When I first moved to Norwich, just under two years’ ago, my new bookkeeper unnerved me by saying “we don’t do euros in Norfolk”.  A third of my turnover is in euros, so I wondered whether I had chosen the best location for my business.

It’s true that there aren’t that many Japanese companies – my target customer group – locally in East Anglia either.  However, those that are here reflect the regional strengths in food processing and energy. Mizkan owns Branston Pickle, which is made in a factory in Bury St Edmunds and Marubeni is the owner of Seajacks, a Great Yarmouth based offshore wind power engineering company.  Although car companies such as Toyota and Nissan are probably the most famous Japanese investors in the UK, Norwich-based Lotus is owned by Proton, a Malaysian company.

More recently, Japanese insurance companies have been on the acquisition trail, and this has an East Anglia angle too, as the companies they have acquired have offices in the region and are keen to shift more personnel out of the expensive City of London.  One such client, as well as asking me to do some training for their office in Chelmsford, Essex, also sent me to their branches in Zurich, Amsterdam and Brussels.

I decided to take the opportunity of the Belgium trip to visit Bruges, intrigued by its similarities to and influences on Norwich.
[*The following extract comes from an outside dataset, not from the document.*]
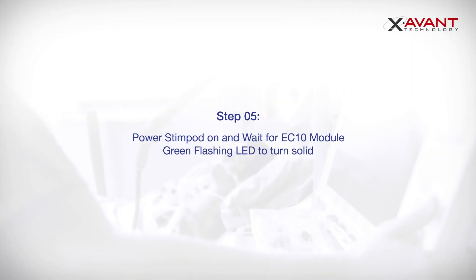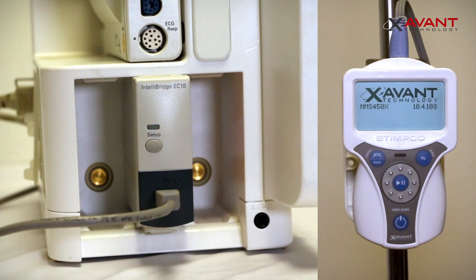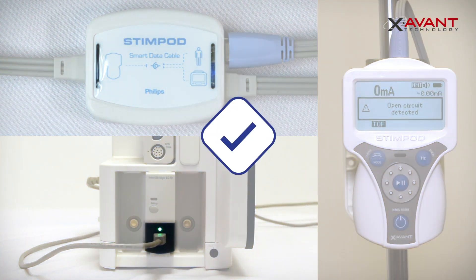Now power on your Stimpod. An Open Circuit Screen prompt will appear, and on the EC10 Module a flashing green LED will turn solid. On the Smart Data Cable Philips, both LEDs will now be blue.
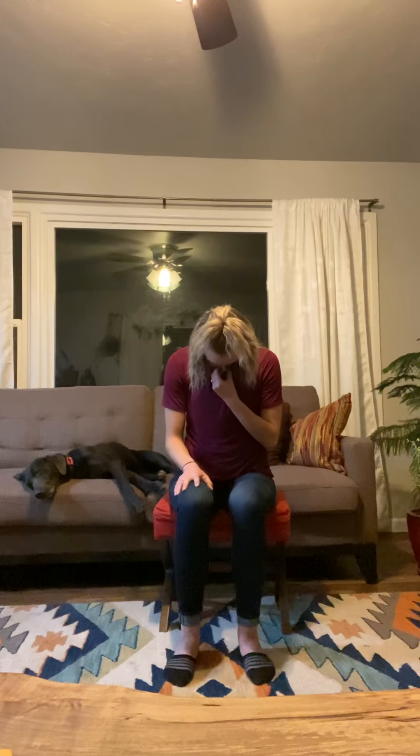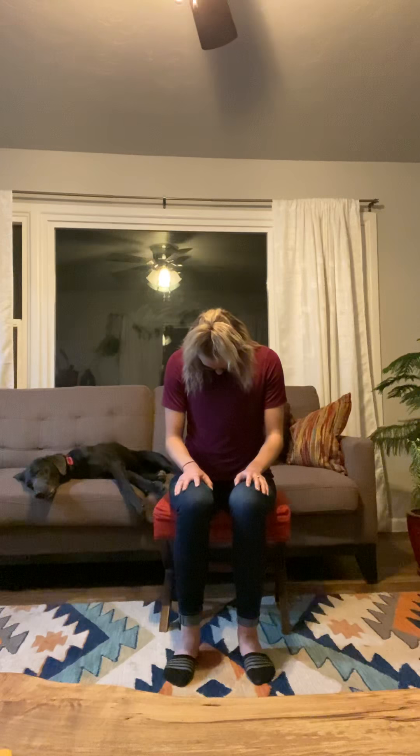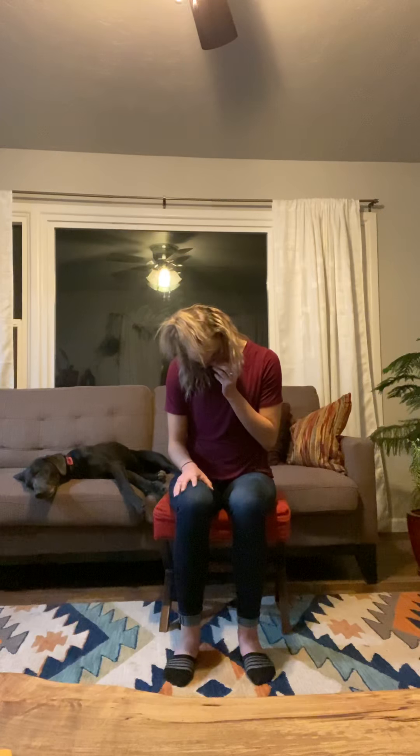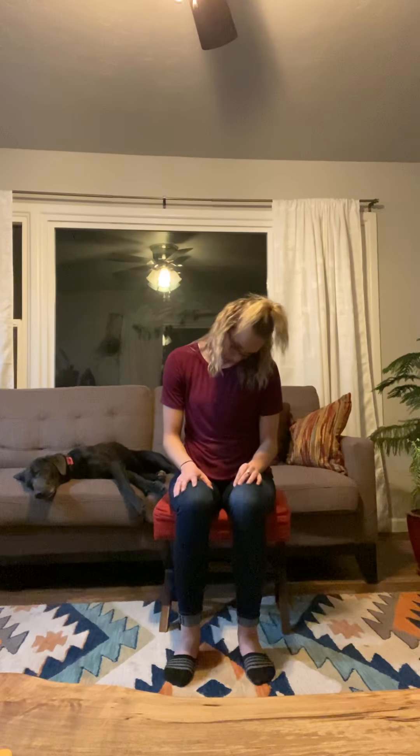Slowly lift your chin up to the ceiling and let the jaw fall open. Drop the chin back to chest, then start to roll the head around coming into some neck circles. Notice any areas that might be a little tense or have tight spots, and go slower in those areas, really focusing on breathing. Then start to move the head the other way, circling it back.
Flemish weavers, masons and goldsmiths settled across East Anglia throughout the Middle Ages, when Norwich and Bruges were Hanseatic League outposts. Bruges, like Norwich, was a thriving river port, trading in locally made cloth.  Like Norwich, Bruges was largely bypassed by the industrial revolution and trade declined after its river silted up.

Now Bruges is mainly a tourist destination as well as home to the College of Europe.  With the EU referendum going on, it seemed an appropriate time to visit the place where Mrs Thatcher made her famous 1988 speech against further European integration, which inspired The Bruges Group, many of whose members are behind the current campaigns for Britain to leave the EU.
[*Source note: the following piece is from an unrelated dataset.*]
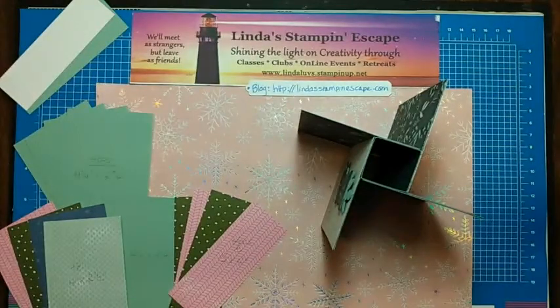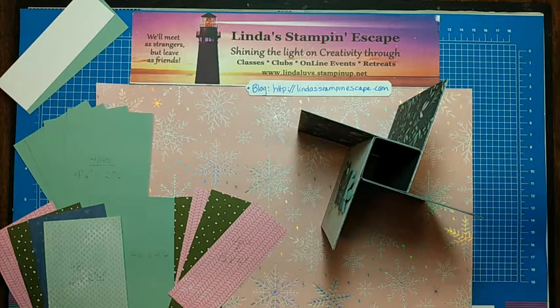Good evening everybody. Welcome to Linda's Stampin' Escape for our Technique Tuesday, August 24th. Come on in and join us. How is everybody doing tonight? I'm excited to be here. I'm excited to share this awesome fun fold.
The Bruges Group flavour of Brexiteer sees exiting the European Union as a means of ending European political and regulatory interference.  However, talking to people in Norwich, the argument that obviously most resonates is that of getting back control of the UK’s borders, and preventing further immigration, particularly from Europe.

Other former Hanseatic outposts on the UK’s east coast have not fared as well as Norwich.  There are unemployment hotspots yet large numbers of Europeans come to the region to help with the harvesting and production of food.  Recent polls show the region overall is in favour of Brexit.

So what will Japanese companies do if the UK does leave the EU?  I expect that those that have already invested – either because the UK had a strength in a particular industry, or they wanted to access the UK market – will stay.  But those who use the UK as a coordination base for the rest of Europe, may well consider relocating or shifting any further investment into continental Europe.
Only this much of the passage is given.